If they are parked with exactly one space between them that can be done in $$\displaystyle n-2$$ ways. WHY is that?
What is the total number of ways the two cars can be parked in $$\displaystyle n\ge 2$$ places?
pka - It doesn't seem to be correct!

#### pka

##### Elite Member
pka - It doesn't seem to be correct!
Why did you ignore my request for reasons for the answers I gave?
If they do not seem to be correct you must tell me why they seem to be incorrect.
Here is the model: Draw n empty boxes a page. Number each box $$\displaystyle 1,2,\cdots,n$$.
If we randomly assign(by a draw, by a computer program ), two of those numbers to the two people. What is the probability their numbers will differ by no more than two? That mean the numbers are consecutive(next to each other) or there is one number between them(one space between them).
If that model is incorrect, then you must correct it. It is what you posted.

#### williamrobertsuk

##### New member
Why did you ignore my request for reasons for the answers I gave?
If they do not seem to be correct you must tell me why they seem to be incorrect.
Here is the model: Draw n empty boxes a page. Number each box $$\displaystyle 1,2,\cdots,n$$.
If we randomly assign(by a draw, by a computer program ), two of those numbers to the two people. What is the probability their numbers will differ by no more than two? That mean the numbers are consecutive(next to each other) or there is one number between them(one space between them).
If that model is incorrect, then you must correct it. It is what you posted.
Therefore, I am also a bit confused with it!

#### pka

##### Elite Member
Therefore, I am also a bit confused with it!
Tell us about your confusion. We cannot help if all you say is "I am confused"
Take the ten digits $$\displaystyle 0,1,2,3,4,5,6,7,8,9$$ on balls as in the lottery. The machine picks two of them at random.
What is the probability the two numbers a consecutive or differ by one?

#### williamrobertsuk

##### New member
(4*n-6)/(n*(n-1))

#### MarkFL

##### Super Moderator
Staff member
Let's first determine how many ways there are for the two cars to be parked.

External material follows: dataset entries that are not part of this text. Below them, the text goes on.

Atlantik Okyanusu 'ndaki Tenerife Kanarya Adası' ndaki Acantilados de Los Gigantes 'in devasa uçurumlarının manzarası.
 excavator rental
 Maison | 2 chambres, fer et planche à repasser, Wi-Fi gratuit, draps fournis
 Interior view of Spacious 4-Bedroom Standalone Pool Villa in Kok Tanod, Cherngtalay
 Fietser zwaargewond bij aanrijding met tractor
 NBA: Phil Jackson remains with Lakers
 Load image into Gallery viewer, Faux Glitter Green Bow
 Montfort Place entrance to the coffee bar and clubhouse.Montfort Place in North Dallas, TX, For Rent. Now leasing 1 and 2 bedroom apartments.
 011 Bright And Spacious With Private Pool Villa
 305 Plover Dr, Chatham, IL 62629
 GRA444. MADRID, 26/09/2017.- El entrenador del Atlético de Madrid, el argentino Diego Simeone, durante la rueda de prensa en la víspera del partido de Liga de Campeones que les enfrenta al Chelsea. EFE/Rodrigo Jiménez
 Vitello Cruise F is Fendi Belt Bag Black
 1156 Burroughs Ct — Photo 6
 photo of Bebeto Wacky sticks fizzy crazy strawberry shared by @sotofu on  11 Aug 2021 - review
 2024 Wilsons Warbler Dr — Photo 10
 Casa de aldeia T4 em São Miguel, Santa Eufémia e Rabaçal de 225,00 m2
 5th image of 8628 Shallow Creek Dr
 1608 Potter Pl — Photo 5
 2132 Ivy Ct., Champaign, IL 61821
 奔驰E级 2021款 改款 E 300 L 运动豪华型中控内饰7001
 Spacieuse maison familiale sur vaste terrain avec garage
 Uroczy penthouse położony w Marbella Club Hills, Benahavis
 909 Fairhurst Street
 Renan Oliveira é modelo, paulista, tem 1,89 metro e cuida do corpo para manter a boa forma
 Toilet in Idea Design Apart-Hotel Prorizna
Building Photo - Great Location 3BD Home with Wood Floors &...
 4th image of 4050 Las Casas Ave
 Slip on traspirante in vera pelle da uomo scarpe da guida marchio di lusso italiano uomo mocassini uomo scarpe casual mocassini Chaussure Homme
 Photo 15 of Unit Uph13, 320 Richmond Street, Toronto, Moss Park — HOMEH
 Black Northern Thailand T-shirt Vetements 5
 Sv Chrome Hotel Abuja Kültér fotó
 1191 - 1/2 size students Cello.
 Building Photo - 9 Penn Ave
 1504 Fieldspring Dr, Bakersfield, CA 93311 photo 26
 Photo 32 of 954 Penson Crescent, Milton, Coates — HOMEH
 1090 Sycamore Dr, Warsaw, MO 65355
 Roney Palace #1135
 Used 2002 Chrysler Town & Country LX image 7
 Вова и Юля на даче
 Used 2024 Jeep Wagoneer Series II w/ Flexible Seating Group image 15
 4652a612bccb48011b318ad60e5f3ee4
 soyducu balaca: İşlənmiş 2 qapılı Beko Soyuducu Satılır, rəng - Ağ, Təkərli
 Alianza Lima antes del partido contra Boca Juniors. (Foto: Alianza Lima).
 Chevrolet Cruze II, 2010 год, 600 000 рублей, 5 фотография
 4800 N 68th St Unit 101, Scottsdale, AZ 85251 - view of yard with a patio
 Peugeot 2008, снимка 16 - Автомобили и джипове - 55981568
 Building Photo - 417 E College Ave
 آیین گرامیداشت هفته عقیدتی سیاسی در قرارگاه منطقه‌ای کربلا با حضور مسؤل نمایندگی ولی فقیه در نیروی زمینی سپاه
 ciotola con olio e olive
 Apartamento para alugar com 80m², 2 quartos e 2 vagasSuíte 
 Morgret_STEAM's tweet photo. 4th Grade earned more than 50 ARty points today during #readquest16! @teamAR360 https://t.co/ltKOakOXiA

The first car to park has $$n$$ choices and the second has $$n-1$$ choices. Thus, there is a total of $$N_T=n(n-1)$$ ways for the two cars to park. Now, if there can be at most 1 space between them, we can enumerate the spaces from 1 to $$n$$, and given the spaces are in a single row, we can proceed to count the favorable number of arrangements as follows:

The first car has 2 choices of spots where the second car has 2 choices (this is on either end, spots 1 and $$n$$).

The first car has 2 choices of spots where the second car has 3 choices (spots 2 and $$n-1$$).

The first car has $$n-4$$ choices of spots where the second car has 4 choices (spots 3 through $$n-2$$).

Thus, adding these up, we find:

$$\displaystyle N_F=2\cdot2+2\cdot3+(n-4)4=4n-6$$

Hence:

$$\displaystyle P(X)=\frac{N_F}{N_T}=\frac{4n-6}{n(n-1)}\quad\checkmark$$